A recent case from the California Court of Appeal highlights the importance of not running afoul of California’s ban on liquidated penalties.

On September 29, 2017, in Vitatech International, Inc. v. Sporn, Appeal No. G053477, the Court of Appeal, Fourth Appellate District, Division 3 reversed the Orange County Superior Court’s ruling that the parties’ stipulated judgment for more than the amount prayed for by plaintiff was not a penalty under California Civil Code section 1671(b) or a liquidated damages provision subject to that statute.

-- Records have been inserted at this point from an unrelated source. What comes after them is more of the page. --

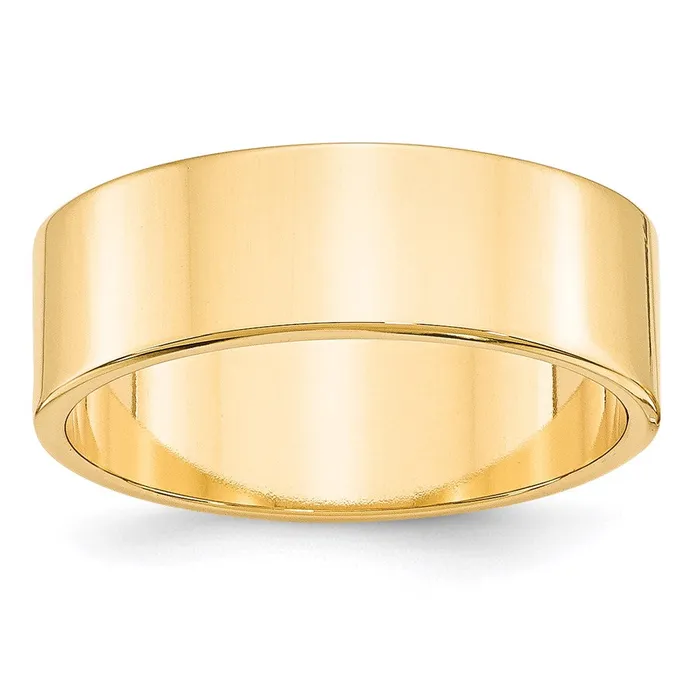 Solid 18K Yellow Gold 7mm Light Weight Flat MensWomens Wedding Band Ring Size 13 Goldia Rings Solid 18K Yellow Gold 7mm Light Weight Flat MensWomens Wedding Band Ring Size 13 Goldia Rings
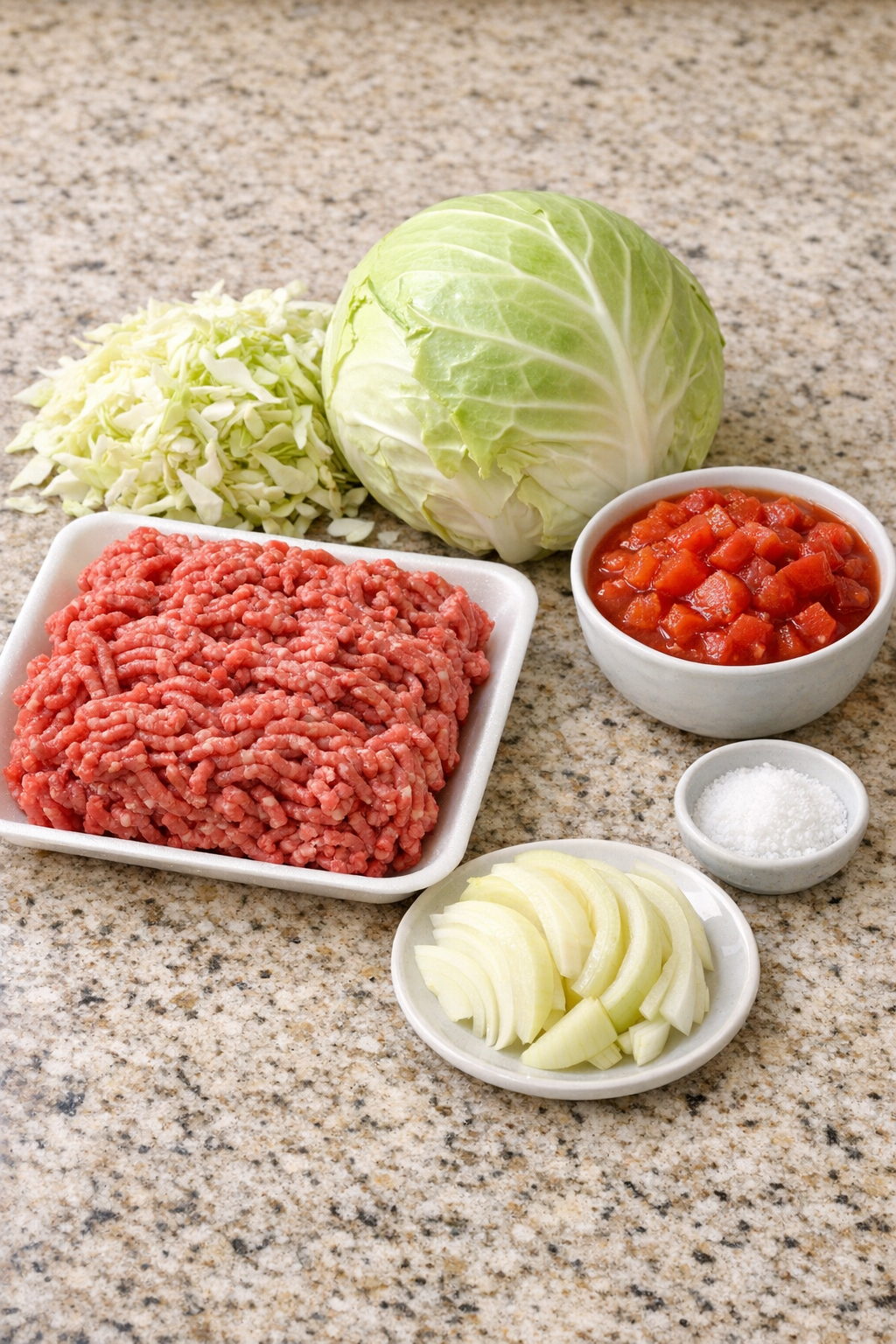 Main ingredients for Amish cabbage beef arranged on a countertop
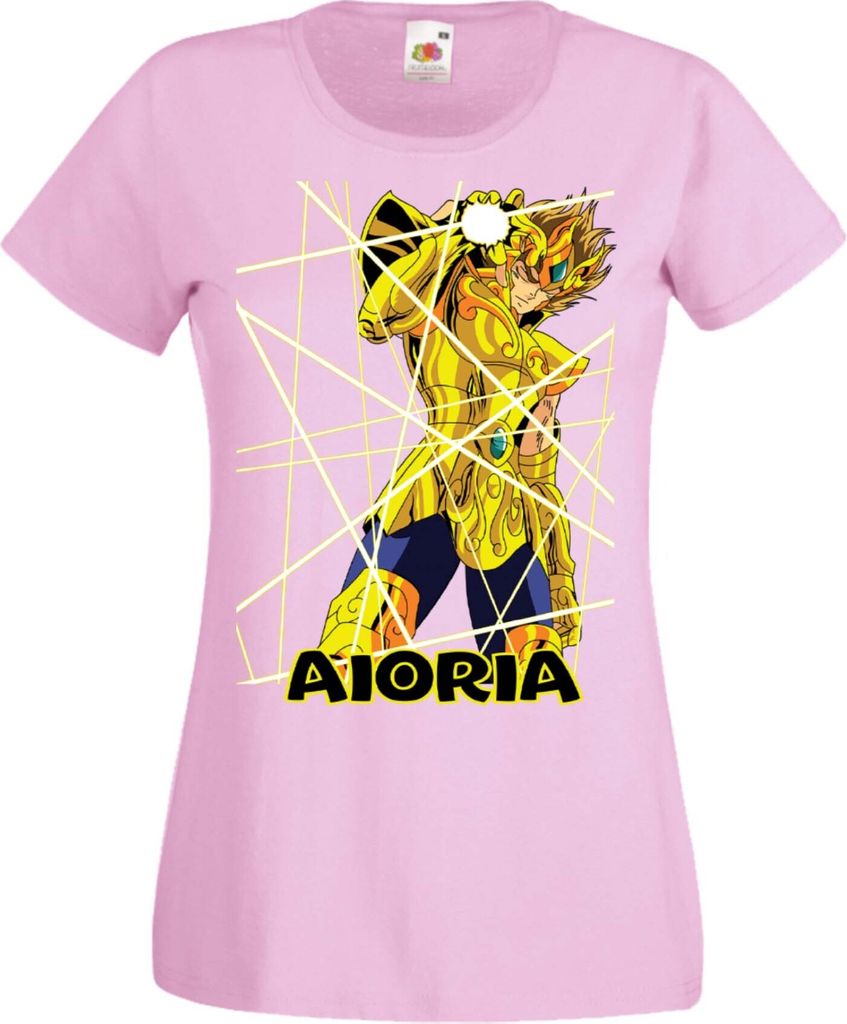 Damen T-Shirt Manga Anime Saint Anime Seiya Leo Aiolia 02 Aiolia, Lady XS / Hellrosa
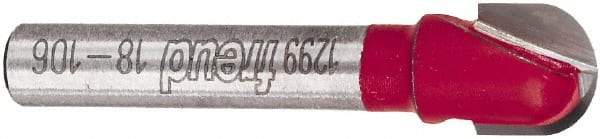 Freud - 3/8" Cut Diam, 3/8" Length of Cut, 0 Flute Round Nose Edge Profile Router Bit - Carbide-Tipped, 1/4" Shank Diam, 1-13/16" OAL, Proprietary Coating - Americas Industrial Supply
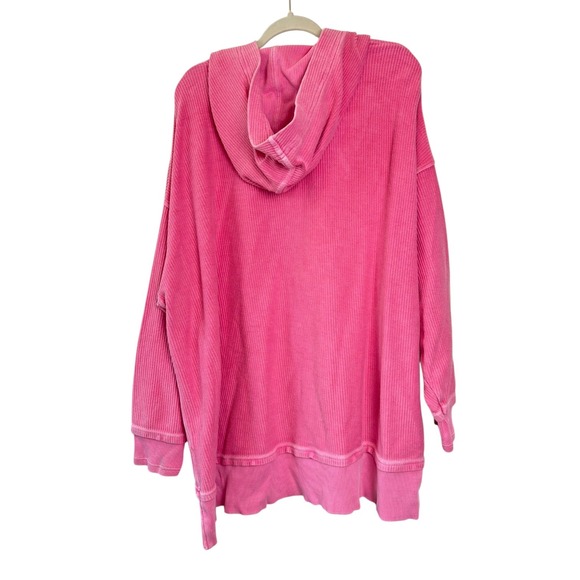 Aerie Pink Snap City Ribbed Henley Hoodie Oversized Pullover Sweatshirt XXL - Picture 6 of 6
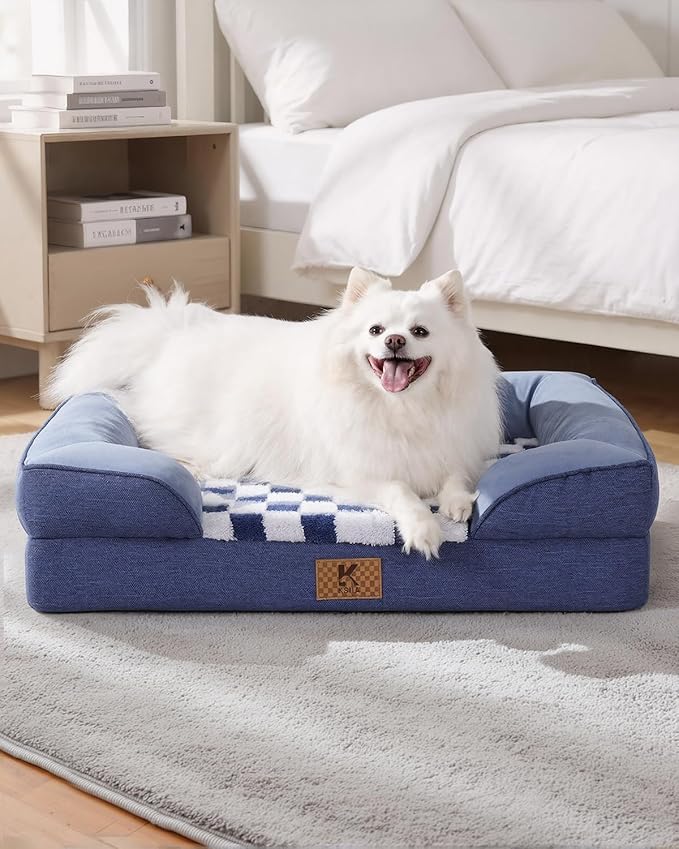 KSIIA Waterproof Dog Bed Orthopedic for Medium Senior Dog Couch with Sides, Extra Thick Supportive Pet Bed Sofa with Soft Plush Cover and Non-Slip Bottom, 36 x 27 Inch, Blue
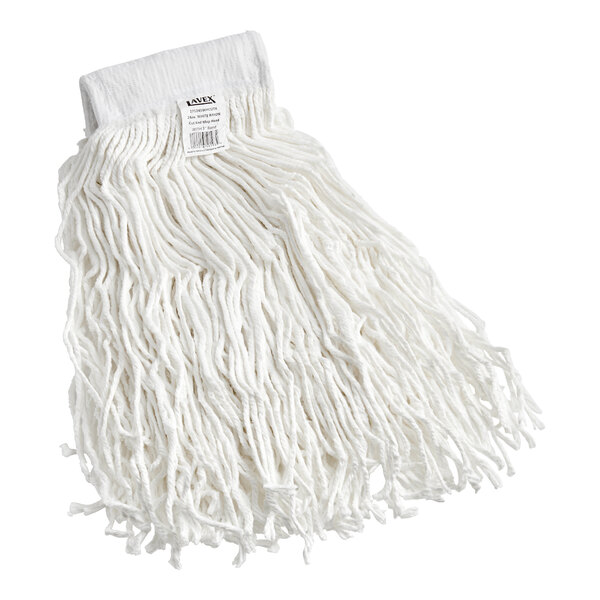 A white Lavex rayon mop head with fringes.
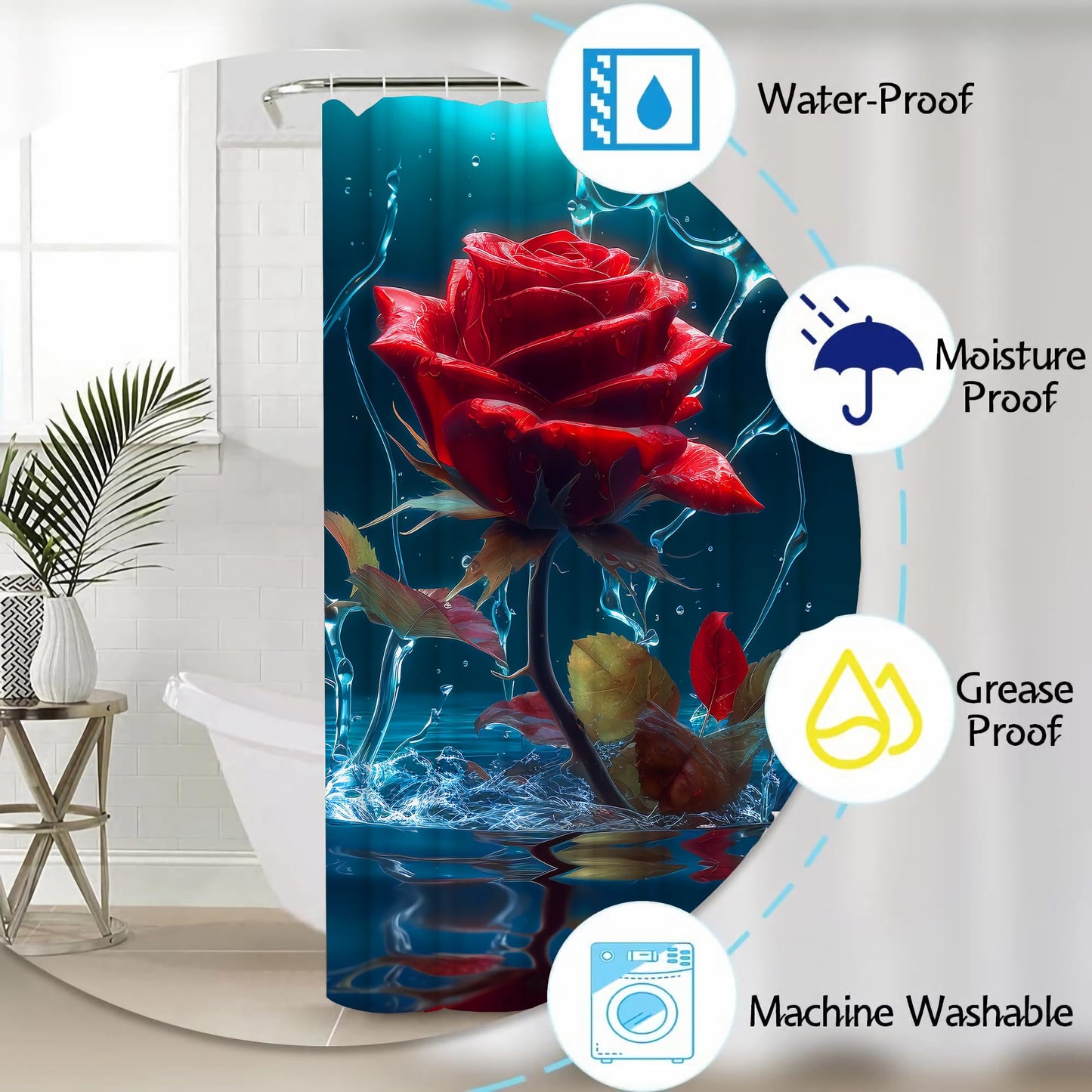Jirown Red Rose Shower Curtain Sets 4 Pcs,Non-SlipRugs Bath Mat Toilet Cover U Shaped Mat Black Red Shower Curtain with 12 Hooks,Durable Bathroom Decor Set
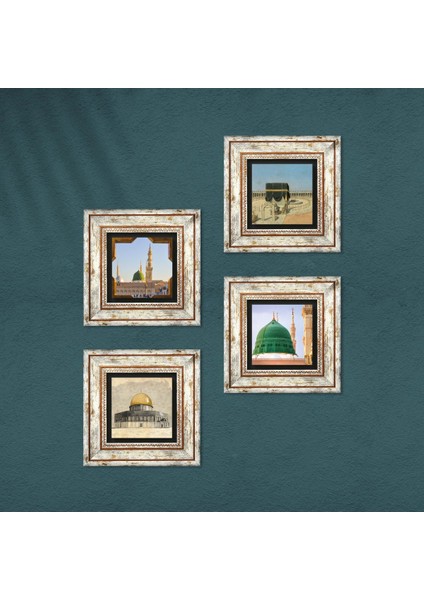 Kabe-i Muazzama, Mescid-i Aksa, Ravza-i Mutahhara Çerçeveli Taş Duvar Tablosu 4’lü Set - Dekoratif Modern Sanat, Ev ve Ofis Dekoru |TK4-1339| fırsatları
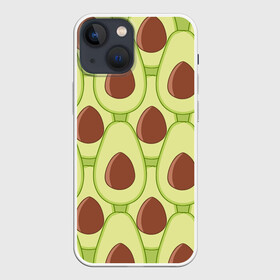 Чехол для iPhone 13 mini с принтом Авокадо ,  |  | avocado | food | fruit | pattern | vegan | vegetarian | авокадо | веган | вегетарианство | еда | паттерн | правильное питание | фрукт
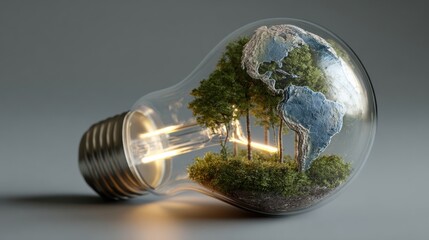 glowing earth inside lightbulb trees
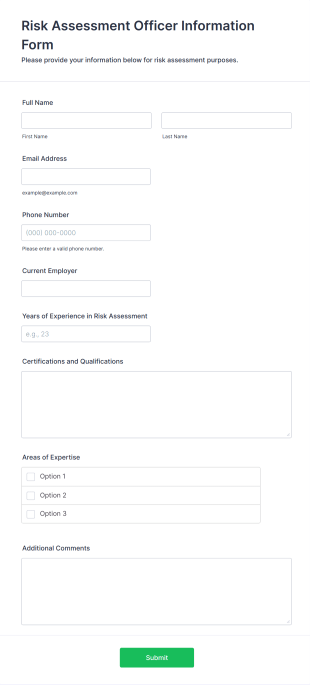 Risk Assessment Officer Information Form Template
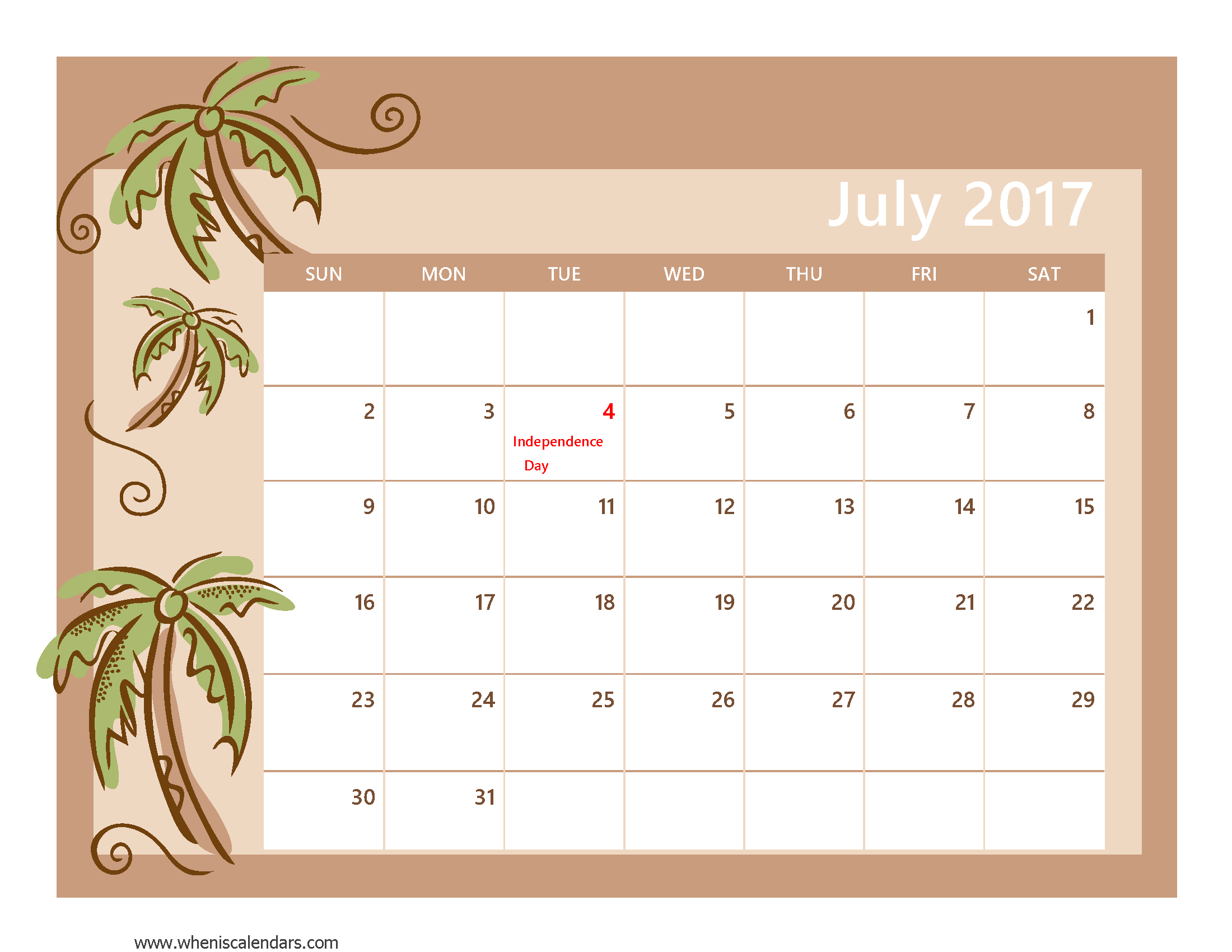 July Calendar 2017 Cute. Free Image , and HD Wallpaper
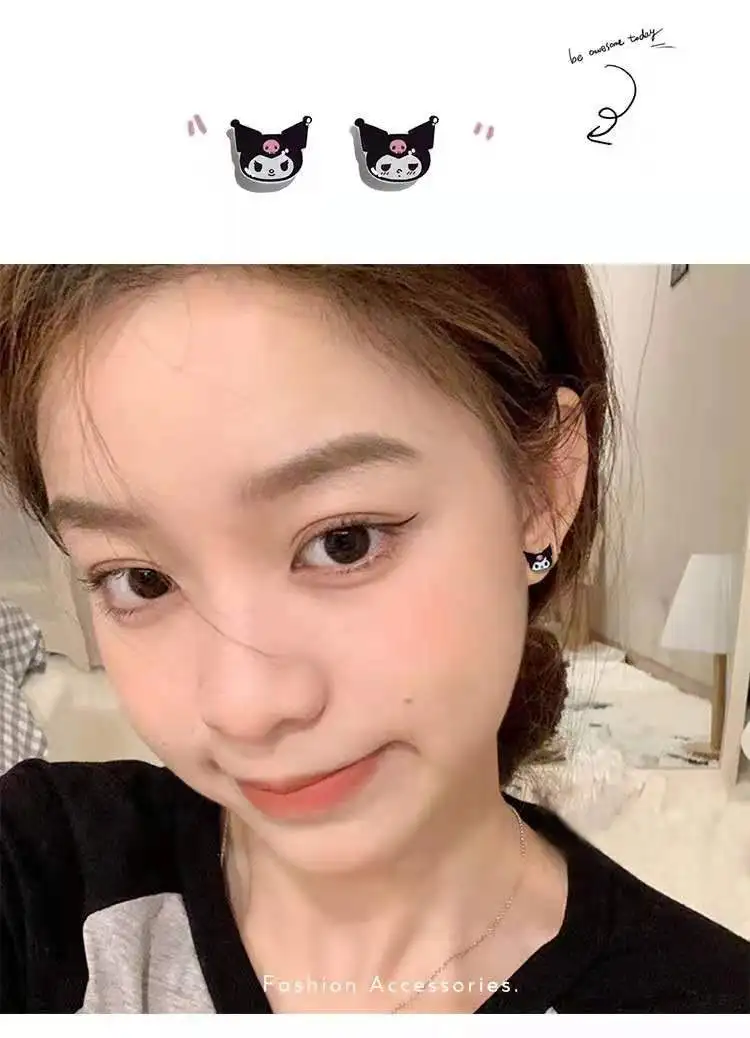 Sanrio Cartoon Earnail Kawaii Female 925 Silver Needle Small and Cute Ear Clip Without Ear Hole Birthday Gift for Best Friend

Plaintiff Vitatech International, Inc. (Vitatech) filed a breach of contract lawsuit against several Defendants.  Plaintiff’s complaint sought more than $166,000 in damages.  On the eve of trial, the parties settled for a one-time payment to Vitatech of $75,000.  As part of the settlement, Defendants stipulated to entry of judgment against them “in the full prayer of the Complaint,” but Vitatech agreed to “forbear” from filing the stipulated judgment and to accept the $75,000 “as full Settlement of its claims against Defendants,” if they paid by the designated date.  Defendants failed to pay the $75,000.  Vitatech then filed the stipulated judgment and the trial court entered judgment against Defendants for more than $300,000, which included compensatory damages, prejudgment interest, attorney fees, and costs.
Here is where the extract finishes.